Domingo, 5 de mayo de 2013 | Hoy
No hay nada que hacerle: mucho policial nórdico de helados paisajes, pero la costa oeste de los Estados Unidos sigue siendo un imbatible escenario para poner en marcha la maquinaria de acción, corrupción del poder y rubias platino que arrancó en los años ’50. Indudablemente, Don Winslow es uno de los mejores exponentes de la novela negra actual.
Por Fernando Krapp
No hay caso: los norteamericanos siguen siendo los grandes renovadores de la novela negra. Si uno quiere saber en qué anda el género, no tiene que leer mucho a los nórdicos, ni a los islandeses, ni a nada ni nadie que tenga que ver con el frío, porque no tiene tanto que ver con las condiciones meteorológicas: o sí, tiene que volver, mal que le pese, al calor de las playas, a los policías grasosos comiendo comida chatarra, es decir, a los americanos del norte, y tiene que leer ahora, por supuesto, a Don Winslow.
Y Winslow ya se ganó tantas licencias para narrar (y sobre todo respeto gracias a su megalómana y genial “narconovela” El poder del perro) que en Los Reyes de lo Cool se permite ir hacia atrás y generar una precuela de su novela Salvajes (que fuera llevada al cine con un éxito relativo por Oliver Stone). Si bien se puede leer con cierta autonomía, lo cierto es que la trama de esta precuela encaja a la perfección con la historia de personajes ya bien delineados; esos surfistas inconformistas, que buscan con cierta holgura otro modo de ganarse y por ende, de entender la vida. Así volvemos al famoso trío de Chon (marine profesional ansioso por desembarcar por la zona del Golfo), Ben (un tipo tranquilo y pacifista, cuando las cosas no se le ponen complicadas) y O (Ofelia, el tres en cuestión, pero que no se hace mucho problema). Y el trío funciona tanto aquí como en su anterior versión.
Los Reyes de lo Cool narra entonces ese momento en el que los tres amigos se separan (guerra de Irak mediante) y pierden la zona conquistada de compraventa de marihuana a manos de unos pandilleros mexicanos.
En esta suerte de precuela, Winslow tiende un puente hacia finales de la década del ’70, ya que O va en busca de su padre.
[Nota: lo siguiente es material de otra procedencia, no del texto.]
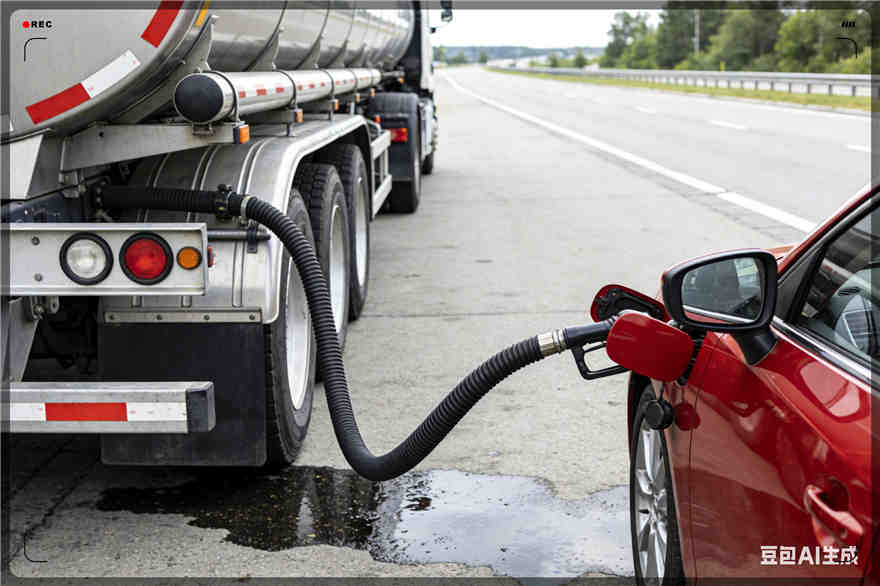 信州区汽车救援送水案例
Al hacerlo, se narra el idealismo de una juventud que creyó en la paz del mundo y terminó vendiendo cocaína en la década siguiente para lograr vivir en mansiones de lujo. Winslow traza toda una genealogía del narcotráfico específicamente en la zona de la frontera.
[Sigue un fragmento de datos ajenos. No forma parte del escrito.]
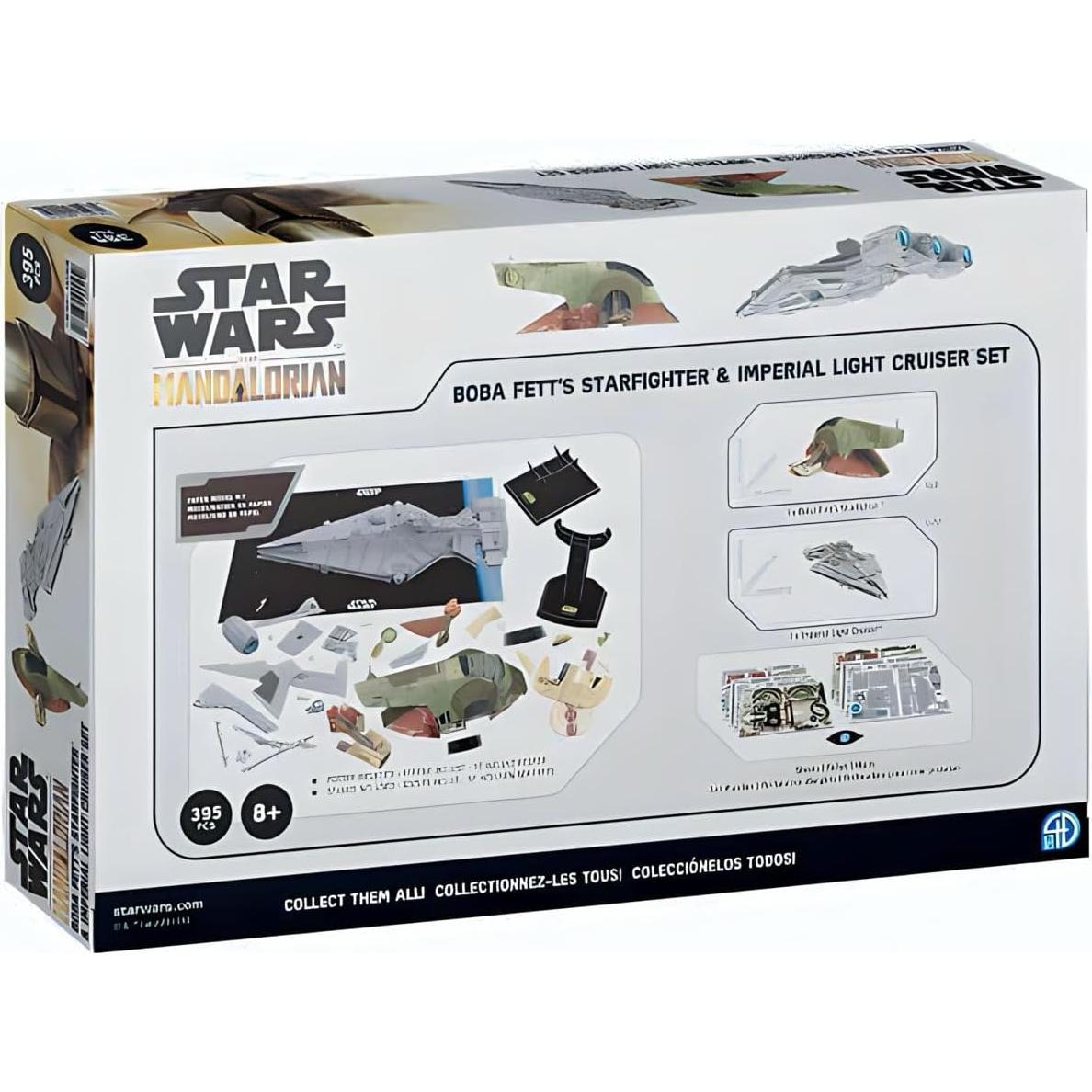 Modelo 4D Caza Estelar Boba Fett Guerras de las Galaxias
Lo que resulta increíble es verificar una vez más que la novela negra, cuando busca renovarse, parece siempre tener que volver al mismo lugar geográfico: la frontera, la costa oeste, el punto en donde todo parece desbarrancarse y los ideales americanos se hunden en la profundidad de sus propias entrañas. Cambian los tiempos, pasan las décadas, las rubias y los hombres duros pasan por el gimnasio y los quirófanos, pero siempre se vuelve a ese escenario fundacional.
Resultaría bastante tedioso contar la trama, porque la trama se va narrando a sí misma sobre la marcha; lo que es llamativo (para quienes no acostumbran frecuentar la prosa de Winslow) es el desparpajo y la velocidad que tiene en esta novela para narrar; esta vez lo consigue hacer poniéndose más allá de todas las convenciones de la novela negra. Con un narrador que cancherea con las comparaciones, rompe los párrafos cuando quiere, y hasta se permite licencias poéticas (y buenas) en el medio de una vertiginosa situación de tiros, alcohol y fugas.
Winslow se permite una cosa que no todos se pueden permitir en estos primeros tramos del siglo XXI: hacer pulp de una manera inteligente. Y tampoco pierde de vista su objetivo básico, que es el de entretener. Y lo hace con gracia, soltura, y hasta elegancia. Algo que por supuesto le seguimos agradeciendo en cada nueva lectura al viejo y querido Don.